In Barham v. Denison,1 the Court had under consideration Private Acts which relieved the citizens of Henderson and' Hardin Counties of registering as a prerequisite to voting. These Acts were sustained. Mr. Justice Cook, who prepared the opinion for the Court, said:

• “By Chapter 400, Acts of 1905, and Chapter 284, Private Acts of 1913, Henderson and Hardin Counties were •reclassified and removed from the operation of Chapter 25, Acts First Extra Session 1890, and amendatory Acts. The area of Henderson County is 530 square miles, and its population by the • census preceding the Act • of 1905 was 16,336. The area of Hardin County is 587 square miles, and its population by the census preceding the Act of 1913 was 17,521. The Legislature considered reclassification necessary to relieve the citizens of these sparsely populated rural sections of the requirement, of registration, resulting from an enlargement of the civil districts by an act redistricting the county.

“The legislature are judges of the necessity of reclassification. In passing upon the validity of statutes the *417courts , do not assume that the legislature passed an invalid act. It must be considered that they weighed the constitutionality of the act, and for that reason, every reasonable doubt must be resolved in favor of the action of the legislature, and the courts can not adjudge statutes invalid:unless the violation of the constitution is clear and unmistakable.”

Able counsel for appellants have cited a number of cases in which we dealt with a similar problem.

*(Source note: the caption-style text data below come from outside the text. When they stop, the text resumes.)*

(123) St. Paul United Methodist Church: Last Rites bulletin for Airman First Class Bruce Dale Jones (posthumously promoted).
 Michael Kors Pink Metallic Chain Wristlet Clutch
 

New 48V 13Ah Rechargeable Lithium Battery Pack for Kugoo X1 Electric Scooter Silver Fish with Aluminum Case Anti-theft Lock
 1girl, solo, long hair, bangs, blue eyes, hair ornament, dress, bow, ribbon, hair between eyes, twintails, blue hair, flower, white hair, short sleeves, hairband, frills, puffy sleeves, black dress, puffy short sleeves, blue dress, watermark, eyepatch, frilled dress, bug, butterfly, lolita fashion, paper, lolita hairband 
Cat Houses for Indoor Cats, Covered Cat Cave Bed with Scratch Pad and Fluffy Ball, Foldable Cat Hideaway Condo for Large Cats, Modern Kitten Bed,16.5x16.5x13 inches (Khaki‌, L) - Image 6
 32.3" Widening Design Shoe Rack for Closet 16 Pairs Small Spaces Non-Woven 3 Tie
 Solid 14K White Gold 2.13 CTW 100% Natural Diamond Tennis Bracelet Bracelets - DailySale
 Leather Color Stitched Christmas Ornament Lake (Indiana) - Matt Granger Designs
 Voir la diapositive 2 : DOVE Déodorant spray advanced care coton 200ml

But they are not controlling because the (Private Acts there assailed and held unconstitutional clearly suspended the general law by conferring material benefits which were denied to others by the general law. Thus in Southern v. Beeler, 183 Tenn. 272, 195 S. W. (2d) 857, 862, the Act authorized a bond issue for schools with no provision for apportionment between the city and county, as required by Code, Sec. 2563. This was a material benefit to the county which was contrary to the general law.

In McMinnville v. Curtis, 183 Tenn. 442, 192 S. W. (2d) 998, the Private Act undertook to relieve citizens of the town of paying a poll tax, which was contrary to the general law under which all citizens must pay a poll tax as a prerequisite to voting.

In Carlock v. Chattanooga, 130 Tenn. 330, 170 S. W. 475, 476, the Act undertook to amend the charter of Chattanooga to regulate the bringing of damage suits in personal injury cases which, the Court said, “was inconsistent with the general laws of the land.”

In State ex rel. v. Trotter, 153 Tenn. 30, 284 S. W. 925, 926, the Act provided for free textbooks for school children in counties of a certain population. The Act was stricken down for the following reasons:

*418•“No reason is suggested, and none can be conceived of, why the citizens of counties of the designated population should he given the benefits and onerated with the burdens incident to this legislation not enjoyed by or imposed upon citizens of other counties of the state.”

Upon full consideration of all the authorities, the Court is of opinion that the Act is constitutional.

The decree of the Chancellor is affirmed.

All concur.

* Opinion not designated for publication.